Огюст Ренуар в последние годы жизни страдал от тяжелейшего ревматоидного артрита. Пальцы художника скрючились так, что кисть приходилось привязывать к руке бинтами. Каждое движение причиняло боль. Но Ренуар продолжал работать, и его поздние портреты с их размашистым, почти размытым мазком — это не деградация техники, а её трансформация. Ограничения тела заставили художника искать новую оптику, более чувственную, менее анатомическую, в которой форма уступала место цвету и свету. Боль, которую он так мужественно терпел, стала соавтором его лучших поздних полотен.

Шестьдесят зёрен и никакой магии

В заключение стоит сказать о самом, пожалуй, недооценённом источнике вдохновения — ритуале. Не в мистическом, а в самом бытовом смысле: привычка, порядок действий, рутина. Она кажется скучной, но именно рутина освобождает творческую энергию, снимая с художника бремя мелких решений.

Людвиг ван Бетховен вставал на рассвете и первым делом собственноручно готовил кофе. Не поручал слуге, не покупал готовый, а делал сам, потому что это был ритуал. Каждое утро он отсчитывал ровно шестьдесят кофейных зёрен, ни больше ни меньше, и молол их вручную. Шестьдесят зёрен — это совсем небольшая, но чрезвычайно крепкая чашка. Современники, бывавшие у Бетховена по утрам, вспоминали, как композитор, ещё не проронивший ни слова, сосредоточенно перебирал бобы, один за другим, всегда в одном темпе. Завершив приготовление и выпив кофе, он садился за рабочий стол и работал до полудня, не отвлекаясь.

Что это, чудачество гения? Да, но не только. Ритуал настраивает мозг на определённый лад — это подтверждено нейробиологией так же надёжно, как и польза прогулок. Знакомые действия создают островок предсказуемости, внутри которого сознание может спокойно заниматься хаосом творческих поисков.

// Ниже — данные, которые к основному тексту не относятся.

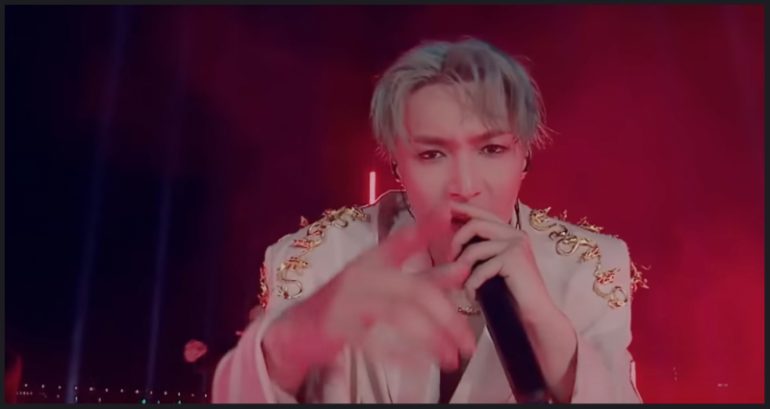EXO’s Lay Zhang, Amber Liu of f(x), ØZI, Tia Ray, Sury Su and more to perform at inaugural MetaMoon Music Festival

Анри Матисс, прикованный к инвалидной коляске после операции, каждый день работал по одному и тому же графику: три часа с утра, обед, дневной сон, затем ещё несколько часов в мастерской — даже по воскресеньям. Именно в этот период он создал свои знаменитые композиции из вырезанной гуашью бумаги. Портновскими ножницами он выреза́л фигуры, сидя в кресле, и собирал из них причудливые арабески. Тело отказывало, но ритуал держал его.

Пабло Пикассо, приходивший в мастерскую к двум часам дня и работавший до сумерек, однажды сказал фразу, которая могла бы служить эпиграфом ко всей этой статье: «Когда я работаю, я оставляю своё тело за дверью — так же, как мусульмане оставляют обувь перед входом в мечеть». Это и есть высшая цель любого метода: довести переход из бытового состояния в творческое до автоматизма. Сделать так, чтобы муза не являлась — а просто всегда была на месте.

В сухом остатке все эти способы — ходьба, пограничный сон, голод, экстремальный опыт, одержимость одной темой, визионерство, самонаблюдение, строгий ритуал — говорят об одном: вдохновения не ждут. Его выманивают, в него врываются, его строят по кирпичику. У каждого мастера был свой метод, но общим для всех было отсутствие пассивности перед лицом пустого холста. Они не гадали, придёт ли муза сегодня. Они знали: муза — это они сами, просто в правильном состоянии сознания.